Trump afirma que Maduro foi capturado após ataque dos EUA à Venezuela
O presidente dos Estados Unidos, Donald Trump, afirmou neste sábado (3) que forças americanas realizaram um ataque de grande escala contra a Venezuela e capturaram o presidente Nicolás Maduro. A declaração foi publicada em uma rede social e ainda não foi confirmada por fontes independentes.
“Os Estados Unidos da América realizaram com sucesso um ataque de grande escala contra a Venezuela e seu líder, o presidente Nicolás Maduro, que foi capturado, juntamente com sua esposa, e retirado do país por via aérea”, escreveu Trump. O presidente americano não informou o local para onde Maduro e a mulher teriam sido levados.
Segundo Trump, a operação teria sido conduzida em conjunto com forças de segurança dos EUA. Até o momento, não foram apresentados detalhes técnicos ou provas da suposta captura.

A vice-presidente da Venezuela, Delcy Rodríguez, afirmou que não sabe onde Maduro se encontra e exigiu que o governo americano apresente uma prova de vida do presidente venezuelano.
Explosões em Caracas
Na madrugada deste sábado, uma série de explosões foi registrada em Caracas. De acordo com a Associated Press, ao menos sete explosões foram ouvidas em um intervalo de cerca de 30 minutos.

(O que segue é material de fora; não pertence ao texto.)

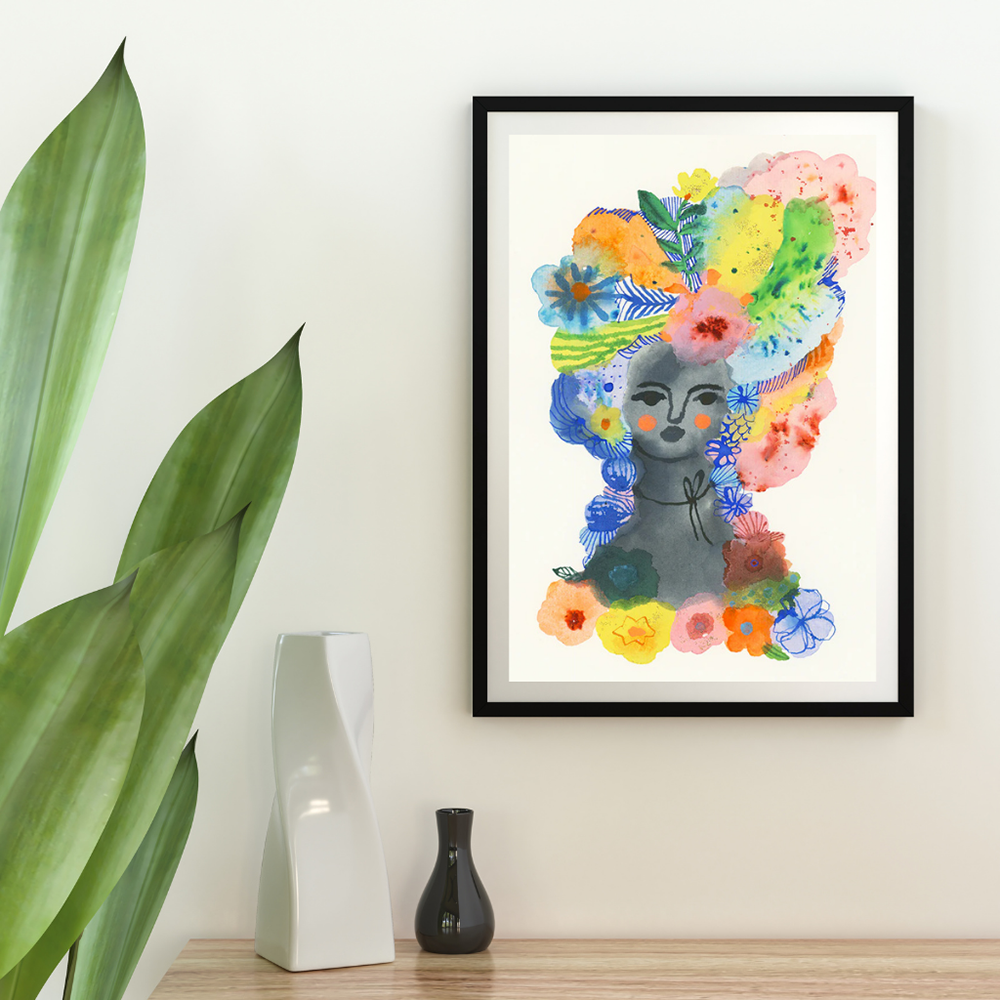 Pompadour in colour print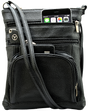 Unisex Super Soft Leather Crossbody Bag  with 6 Compartments and Carrying Strap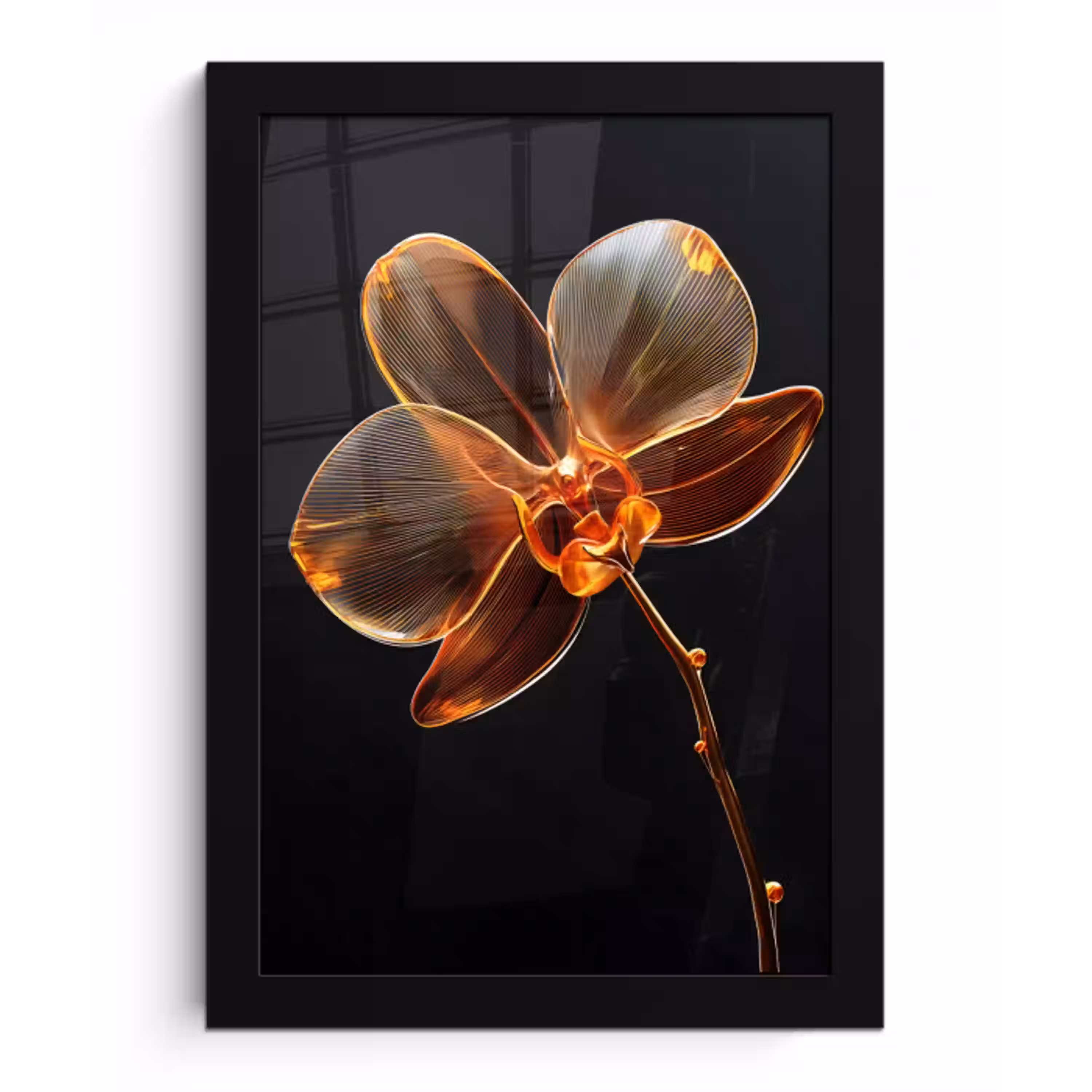 Orchidee - Doorzichtig - Bloem fotolijst zwart zonder passe partout klein -3d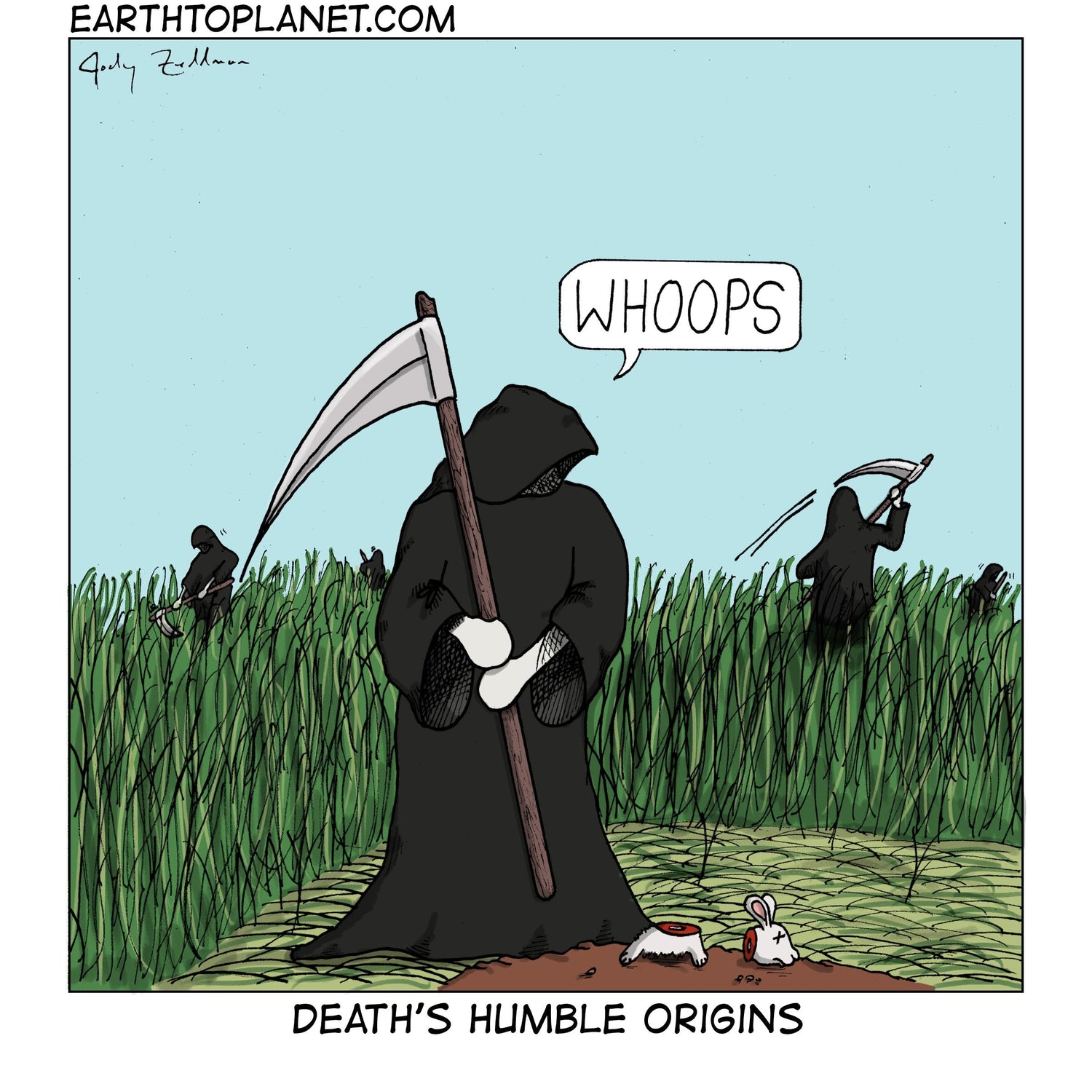 Death's Humble Origins Cartoon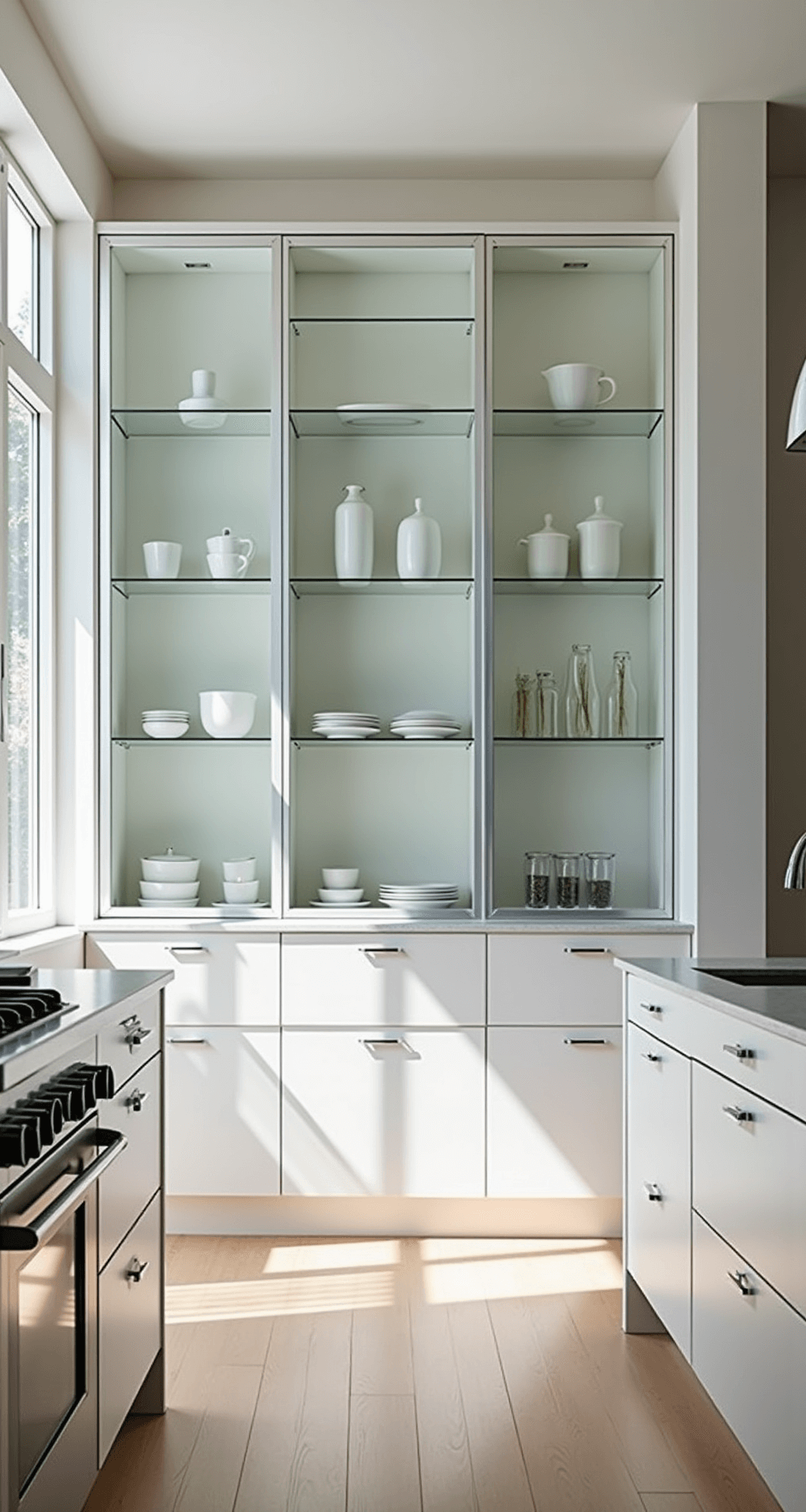 Glass Kitchen Cabinets: Your Ultimate Style & Functionality Guide A bright, modern minimalist kitchen featuring floor-to-ceiling white cabinets with glass doors, white quartz countertops, stainless steel appliances, and flooded with morning sunlight, shot from a low corner angle.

Moradores de diferentes bairros relataram tremores, barulho intenso de aeronaves e correria nas ruas. Parte da capital ficou sem energia elétrica, principalmente nas proximidades da base aérea de La Carlota, no sul da cidade. Vídeos que circulam nas redes sociais mostram colunas de fumaça saindo de instalações militares e aeronaves sobrevoando Caracas em baixa altitude.
“Agressão imperialista”
Logo após o início dos ataques, o governo venezuelano divulgou um comunicado afirmando que o país estava sob ofensiva militar. Caracas não confirmou a captura de Maduro e informou que o presidente convocou forças sociais e políticas para ativar planos de mobilização.
“O presidente Nicolás Maduro assinou e ordenou a implementação do decreto que declara o estado de Comoção Exterior em todo o território nacional, para proteger os direitos da população, o pleno funcionamento das instituições republicanas e passar de imediato à luta armada”, diz o texto.
O comunicado afirma ainda que “o país deve se ativar para derrotar esta agressão imperialista”. Segundo o governo venezuelano, o objetivo da operação americana seria tomar recursos estratégicos, especialmente petróleo e minerais, impondo uma “guerra colonial” para forçar uma mudança de regime.
Caracas declarou que se reserva ao direito de exercer legítima defesa e convocou governos da América Latina e do Caribe a se mobilizarem em solidariedade à Venezuela.
Maduro na mira
A pressão dos EUA sobre o governo venezuelano se intensificou em agosto, quando Washington elevou para US$ 50 milhões a recompensa por informações que levassem à prisão de Nicolás Maduro. Na ocasião, o governo norte-americano reforçou a presença militar no Mar do Caribe.
Inicialmente, a Casa Branca afirmou que a mobilização tinha como foco o combate ao narcotráfico internacional. Posteriormente, autoridades americanas passaram a admitir, sob anonimato, que o objetivo final seria derrubar o governo Maduro.

Trump e Maduro chegaram a conversar por telefone em novembro, mas, segundo a imprensa americana, as tratativas não avançaram. No mesmo mês, os EUA classificaram o Cartel de los Soles como organização terrorista e acusaram o presidente venezuelano de liderar o grupo.
Reportagens do The New York Times indicaram ainda o interesse dos Estados Unidos em assumir o controle das reservas de petróleo venezuelanas, consideradas as maiores do mundo. Nas últimas semanas, militares americanos apreenderam navios petroleiros da Venezuela, e Trump determinou bloqueios a embarcações alvo de sanções.
Até o momento, a situação permanece incerta, sem confirmação independente sobre o paradeiro de Nicolás Maduro.